One day Mike came home from work and told me about this presentation he attended at work. One of his co-workers volunteered for a deployment and he was sharing his experiences with the group. Mike told me all about the presentation and how interesting the deployment seemed. He mentioned it a few times and my heart filed with dread. One day I got a call from Mike telling me that he had been thinking about volunteering and that he wanted my opinion.
I was quiet for awhile and then I made two mistakes. The first was that I told Mike that in the past when a thought comes to him over and over it is usually the spirit telling him something. The other was that I wouldn't help him make the decision. I told him that I didn't want him to go and so I couldn't really say yes but I also didn't want to be the one to stand in the way of his goals for his career. If I said no then he might resent me and I didn't want to be resented. So I told him he had to make the decision and I would support him once the decision was made.
Mike finally decided that going was the right choice. He thought about it and prayed about it and came to the conclusion that in the end, it would be the right path for him to take. I wish I could say that I was totally true to my word that I would support him in his decision. I tried. I have been married to Mike for ten years and in those ten years he has never made a choice that has led our family wrong. I am confident in his ability to receive inspiration. I also know of Mike's sincere love for me and I trust that he would never make a decision that would hurt me unless he felt it was the right thing to do. So I told myself those things over and over. He loves you. You trust him. There is a good reason for this.
There was one time that I behaved badly and fell apart, accusing him of putting our family in difficulty. I told him he hurt my feelings and I couldn't believe that he had volunteered. How could he do this to us?
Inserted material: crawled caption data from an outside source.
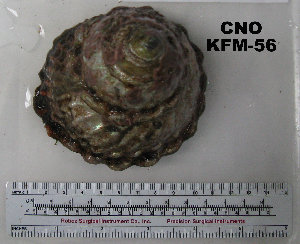  ( - OGL-E01583)  @11 [ ] No Rights Reserved (2009) Coastal Marine Biolabs Coastal Marine Biolabs
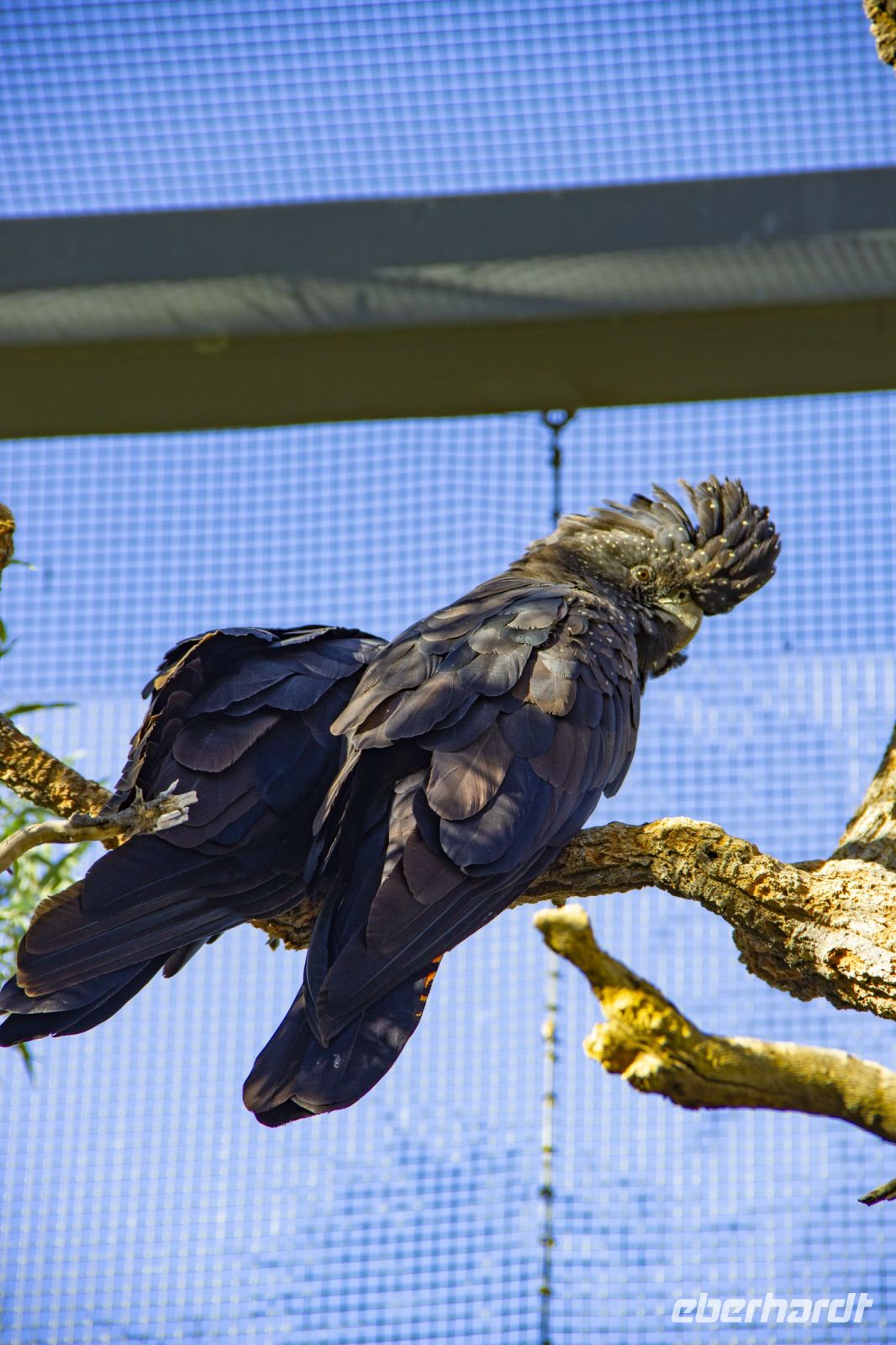 119 – Australien, Alice Springs, Desert Park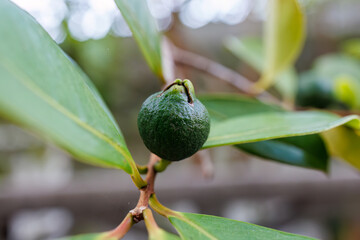シークワーサー（沖縄特産の柑橘類）。
座間味島座間味港
沖縄県島尻郡慶良間諸島-2025
沖縄本島から40km西方にある諸島。
大小30以上の島々からなる島嶼群は全体が国立公園に指定されている。
珊瑚礁の海、白い砂浜、緑の山地は世界屈指の美しさ。
多くの貴重な動植物が生息している。
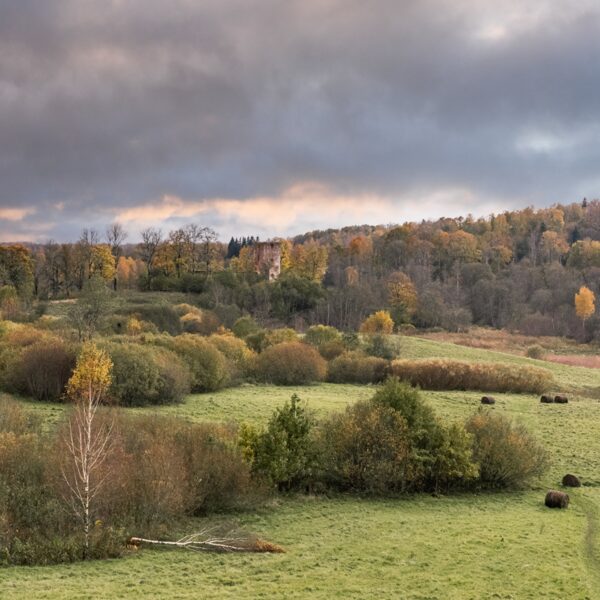Setlana Sorokina "Rudens" Embūte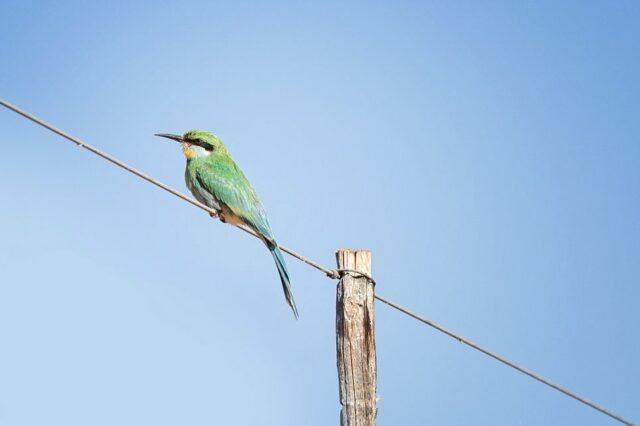 Tier Wildlife Namibia 11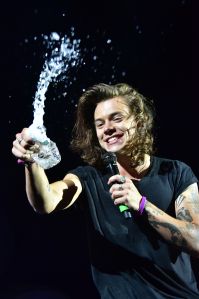 harry styles,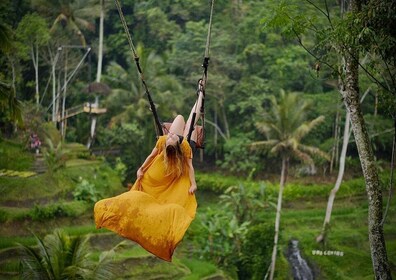 Ubud: Tegalalang Rice Terrace Photos Tour with Swing Ticket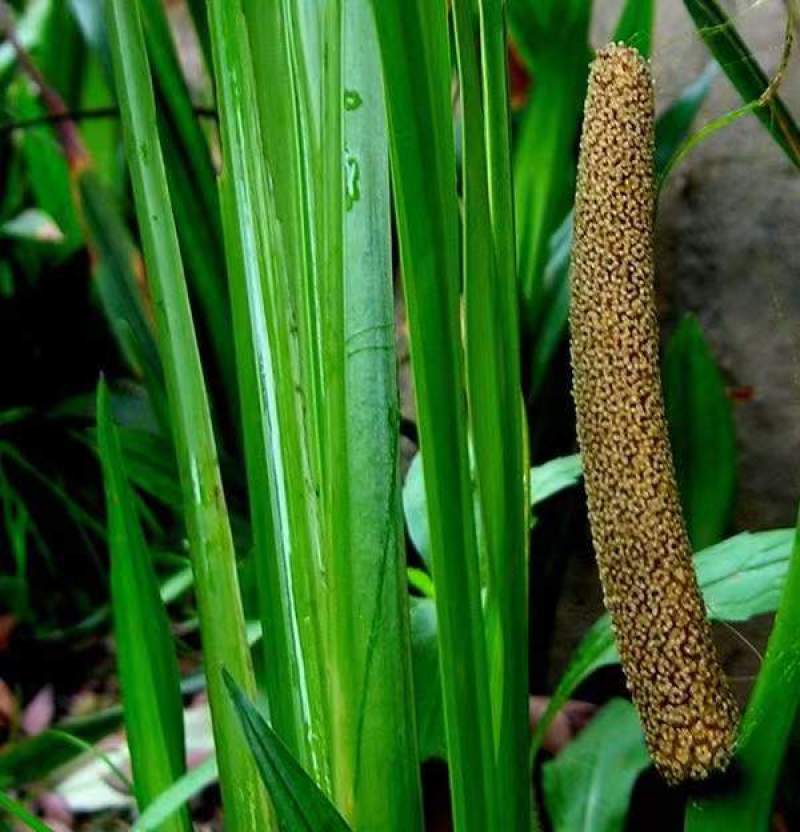 水菖蒲苗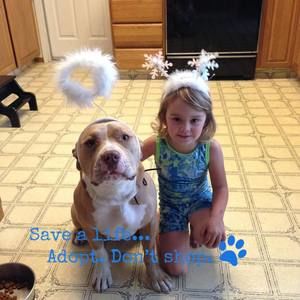 Meet your Posher, Scott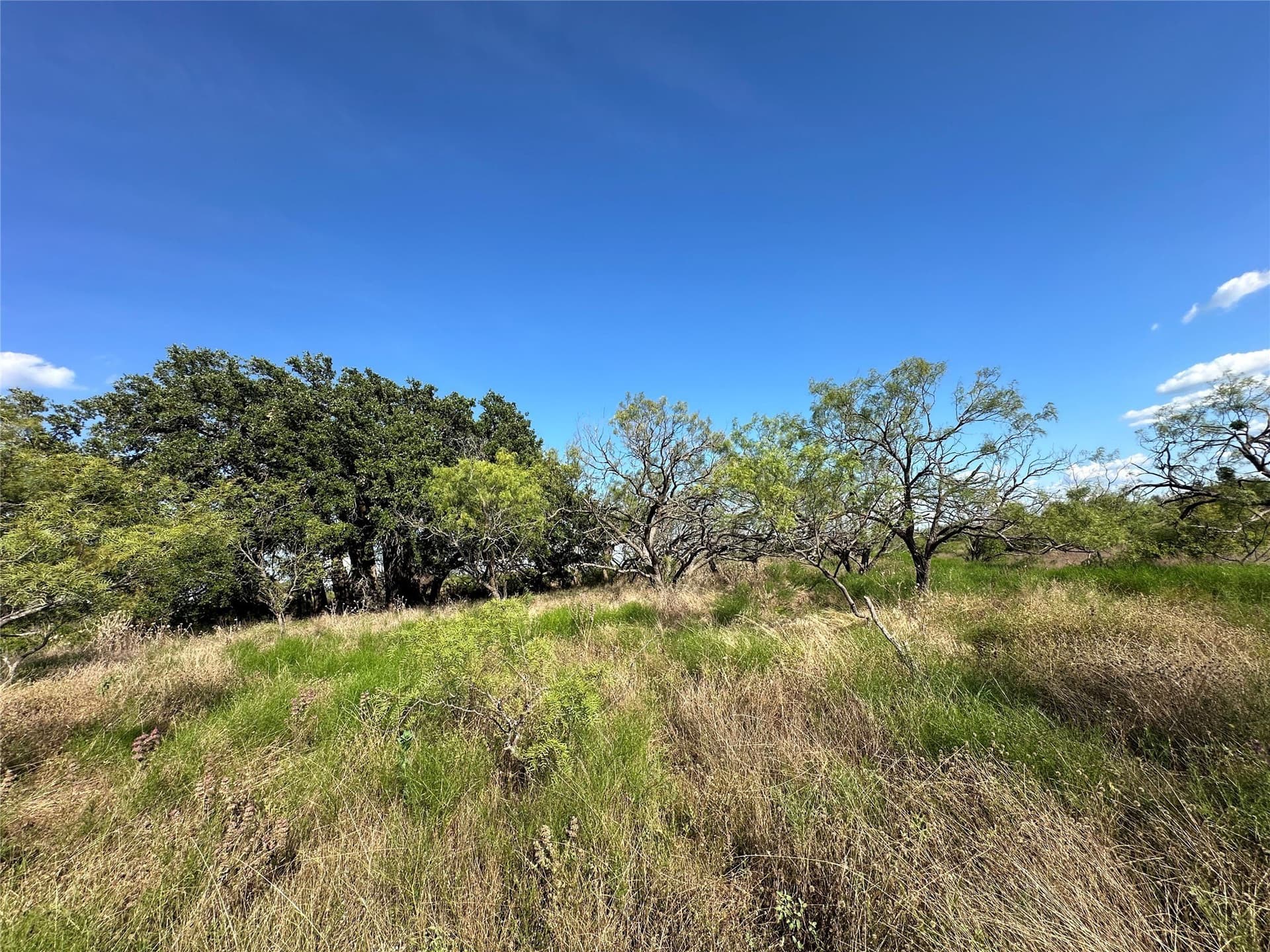75.03 acres in Hamilton County - photo 13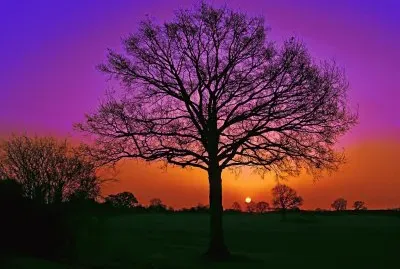 amanecer jigsaw puzzle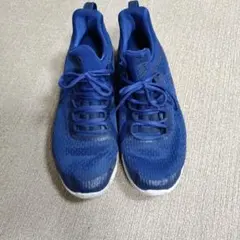 NIKE スニーカー ブルー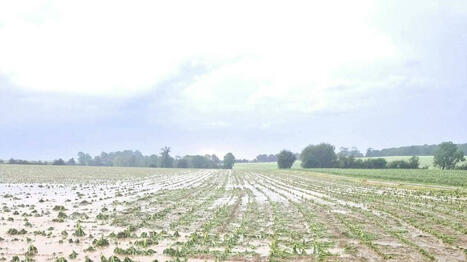 Après les orages, quels dégâts sur les cultures en Normandie? La Chambre d’agriculture fait le bilan | Veille territoriale AURH | Scoop.it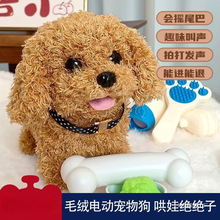 ͯëq늄ӹߕ·ﹷżŮ߶Y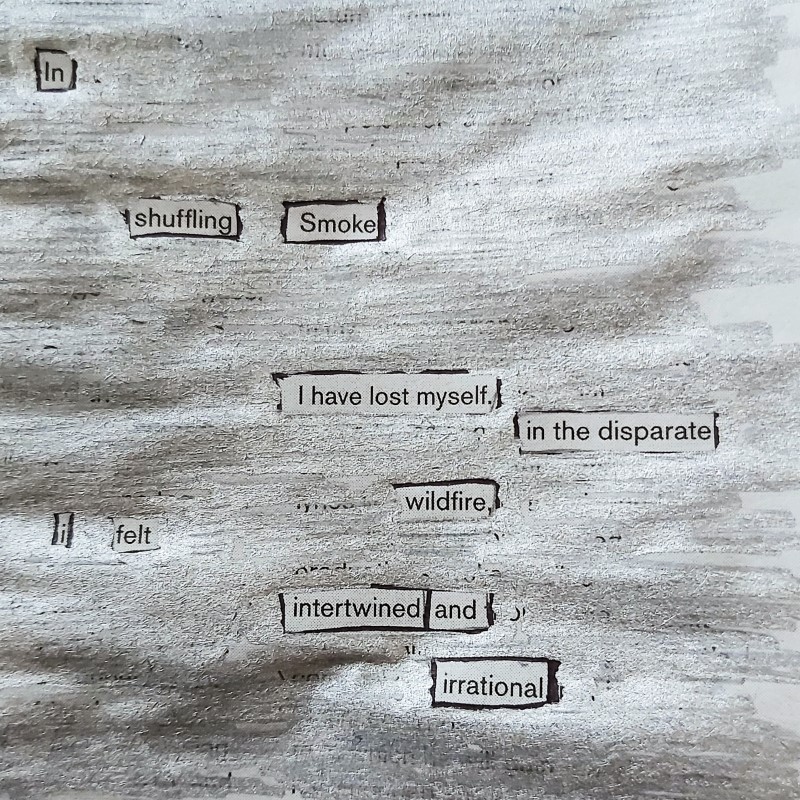 In shuffling smoke/ I have lost myself. In the disparate wildfire/ I felt intertwined/ and irrational.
But that was months and months ago and I had come to peace with it long ago. I finally just decided that the decision was made and I did not want this to come between us and create tension and resentment in our relationship. I realized that it was completely unfair for me to accuse him of anything. He had asked for my input and I bowed out and refused to be a part of the decision. If anyone was to blame it was me. I realized that by putting the burden on his shoulders I was essentially just switching positions so that if someone got to feel resentment it was me. And if I truly believed that he was following the spirit then it wasn't really him that was hurting me, it was the Lord and if I trusted the Lord to lead our family then I needed to trust him in this situation as well. So I recommitted to uniting with him and supporting him in every way.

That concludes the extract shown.